Records provided Block Start

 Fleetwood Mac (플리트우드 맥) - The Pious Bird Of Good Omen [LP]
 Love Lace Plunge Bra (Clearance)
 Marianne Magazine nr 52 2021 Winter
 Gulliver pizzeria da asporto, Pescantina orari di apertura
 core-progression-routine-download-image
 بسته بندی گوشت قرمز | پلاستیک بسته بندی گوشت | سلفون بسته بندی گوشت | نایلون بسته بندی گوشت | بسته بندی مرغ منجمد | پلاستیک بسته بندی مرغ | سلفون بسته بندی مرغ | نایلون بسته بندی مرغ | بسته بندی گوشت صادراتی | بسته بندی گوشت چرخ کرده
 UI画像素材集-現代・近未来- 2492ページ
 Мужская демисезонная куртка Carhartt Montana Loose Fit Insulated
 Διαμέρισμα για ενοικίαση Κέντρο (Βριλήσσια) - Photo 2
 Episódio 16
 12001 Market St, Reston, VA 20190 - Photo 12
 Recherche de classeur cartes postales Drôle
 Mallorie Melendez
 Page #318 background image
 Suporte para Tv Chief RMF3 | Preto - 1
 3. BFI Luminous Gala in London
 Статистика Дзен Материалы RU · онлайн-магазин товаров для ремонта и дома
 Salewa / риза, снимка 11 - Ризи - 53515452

Records provided Block End
Records provided Block Start

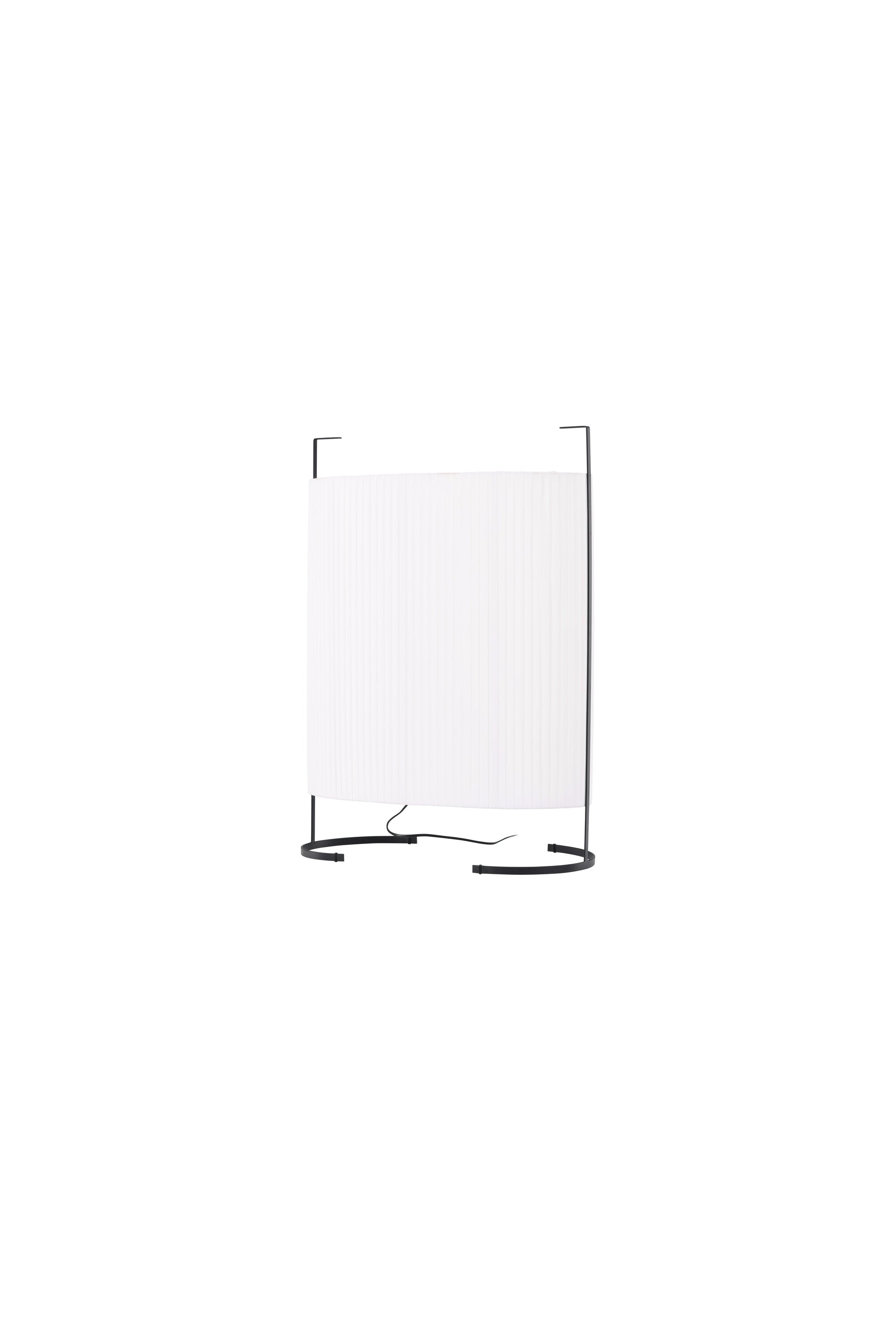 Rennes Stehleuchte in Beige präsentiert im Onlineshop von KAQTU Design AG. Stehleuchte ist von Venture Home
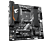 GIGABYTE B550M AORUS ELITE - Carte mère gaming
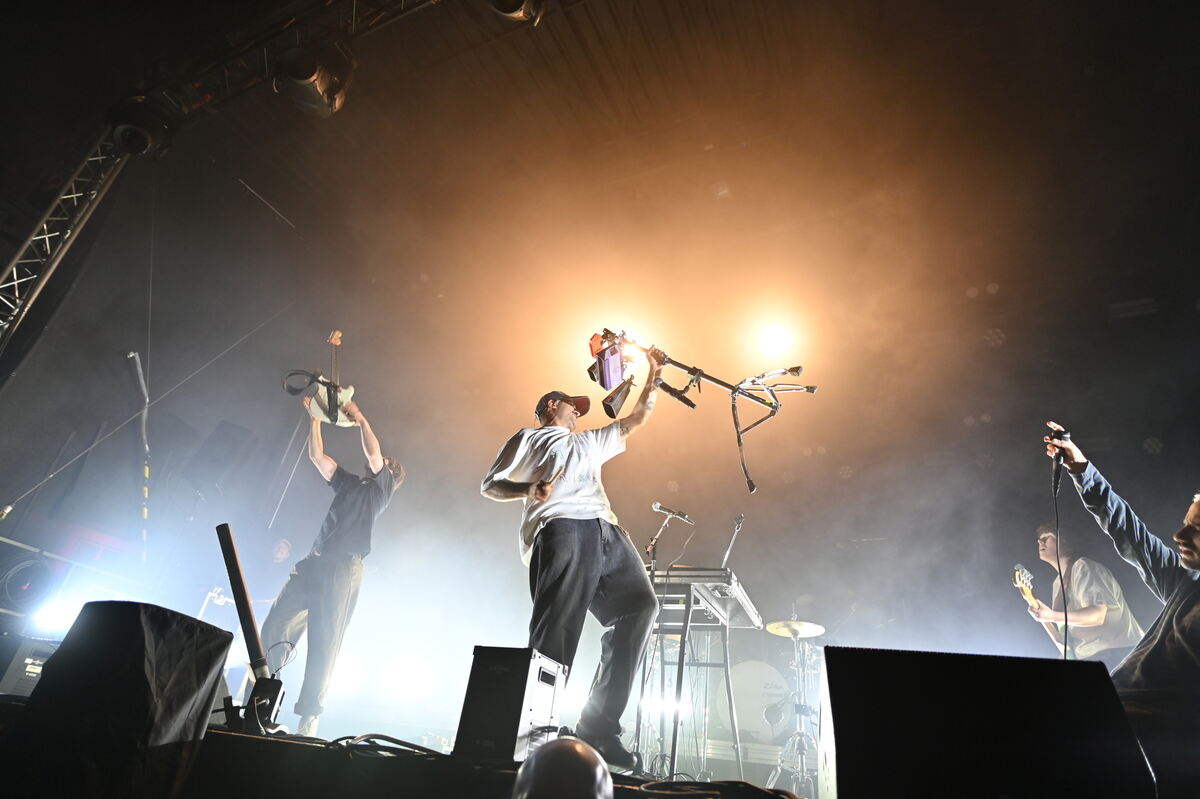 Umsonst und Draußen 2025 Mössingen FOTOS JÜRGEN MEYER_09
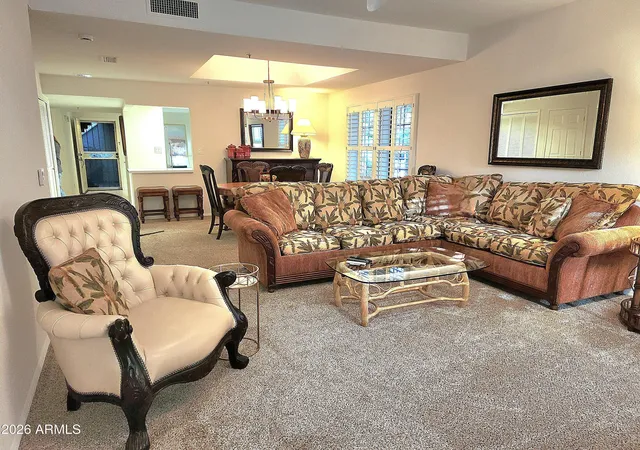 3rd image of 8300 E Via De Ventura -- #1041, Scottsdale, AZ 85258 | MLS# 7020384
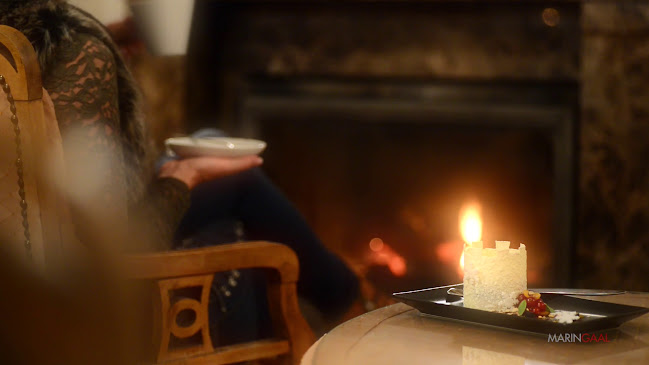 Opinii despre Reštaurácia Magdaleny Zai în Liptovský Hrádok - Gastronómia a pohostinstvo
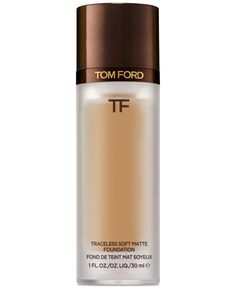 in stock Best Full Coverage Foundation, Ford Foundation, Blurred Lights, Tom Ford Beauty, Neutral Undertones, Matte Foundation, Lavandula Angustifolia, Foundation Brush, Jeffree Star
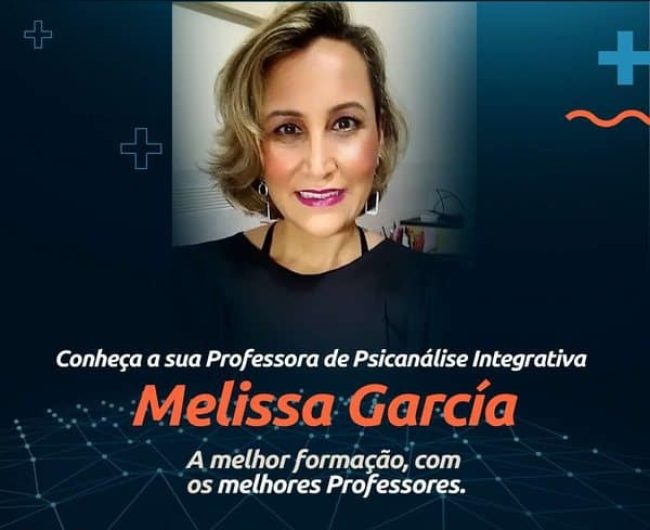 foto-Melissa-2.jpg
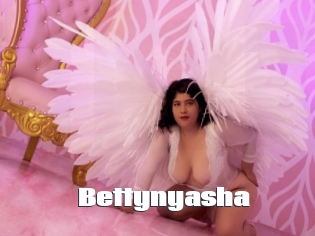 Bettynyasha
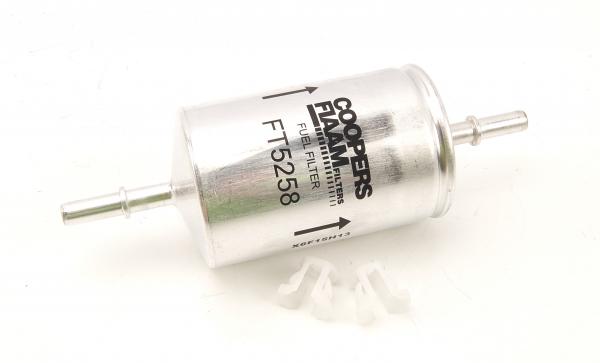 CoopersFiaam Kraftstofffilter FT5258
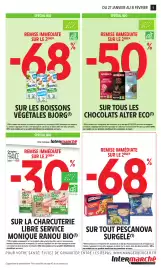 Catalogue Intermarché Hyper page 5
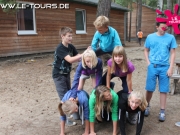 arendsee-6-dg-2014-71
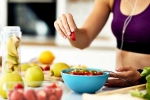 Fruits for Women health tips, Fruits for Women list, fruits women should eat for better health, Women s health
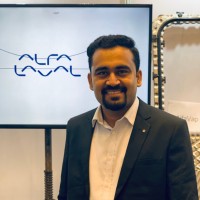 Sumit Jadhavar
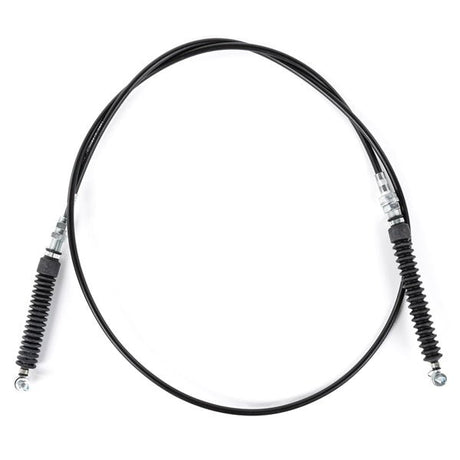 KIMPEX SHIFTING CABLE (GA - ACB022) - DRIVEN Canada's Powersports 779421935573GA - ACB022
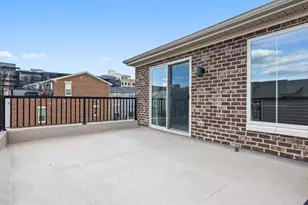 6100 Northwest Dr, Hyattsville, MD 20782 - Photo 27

Records provided Block End

▶ [What is being asked]: From the entries above, extract only the lines running from the one containing "core-progression-routine-download-image" through the one containing "Salewa / риза, снимка 11 - Ризи - 53515452", inclusive.

▶ [Written response]:
 core-progression-routine-download-image
 بسته بندی گوشت قرمز | پلاستیک بسته بندی گوشت | سلفون بسته بندی گوشت | نایلون بسته بندی گوشت | بسته بندی مرغ منجمد | پلاستیک بسته بندی مرغ | سلفون بسته بندی مرغ | نایلون بسته بندی مرغ | بسته بندی گوشت صادراتی | بسته بندی گوشت چرخ کرده
 UI画像素材集-現代・近未来- 2492ページ
 Мужская демисезонная куртка Carhartt Montana Loose Fit Insulated
 Διαμέρισμα για ενοικίαση Κέντρο (Βριλήσσια) - Photo 2
 Episódio 16
 12001 Market St, Reston, VA 20190 - Photo 12
 Recherche de classeur cartes postales Drôle
 Mallorie Melendez
 Page #318 background image
 Suporte para Tv Chief RMF3 | Preto - 1
 3. BFI Luminous Gala in London
 Статистика Дзен Материалы RU · онлайн-магазин товаров для ремонта и дома
 Salewa / риза, снимка 11 - Ризи - 53515452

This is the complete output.